What does the interest rate hike mean for farmers?
The Federal Reserve raised interest rates for the first time in nearly a decade on Dec. 16. Joe Vaclavik, founder and president of Standard Grain, told “AgDay” host Clinton Griffiths what he thinks farmers need to know about an interest rate hike.
The increase was only a quarter of a percent. “We’re not going to go to interest rates that make borrowing money difficult,” Vaclavik says. “We’re not going back to the 1980s anytime soon.”
A higher interest rate could be positive for the struggling commodity markets.
“Hopefully it results in the dollar topping out,” Vaclavik says.
While fundamentally a rise in interest rates is seen as giving the dollar strength, that’s not been the case.
“Historically, it will break lower after the rate hike,” he says. “It’s a buy-the-rumor-sell-the-fact kind of a thing.”
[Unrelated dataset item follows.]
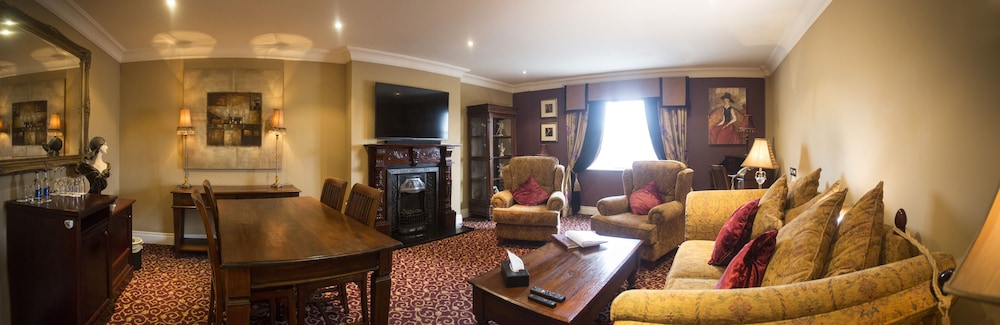 Canal Court Hotel 34/50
The export markets haven’t been able to rally with a strong dollar. Vaclavik says if the dollar retreats as a result of higher interest rates, the rate hike will be positive for exports.
“Exports of corn, soybeans and wheat are below 2014 and they’re below USDA’s projections,” he says. “A softer dollar would go a long, long way to fixing that.”
Farmers should be asking if this is the last time rates will go up. “The real question is ‘will they raise rates every quarter, six months or every year, or is this one and done?’” he says.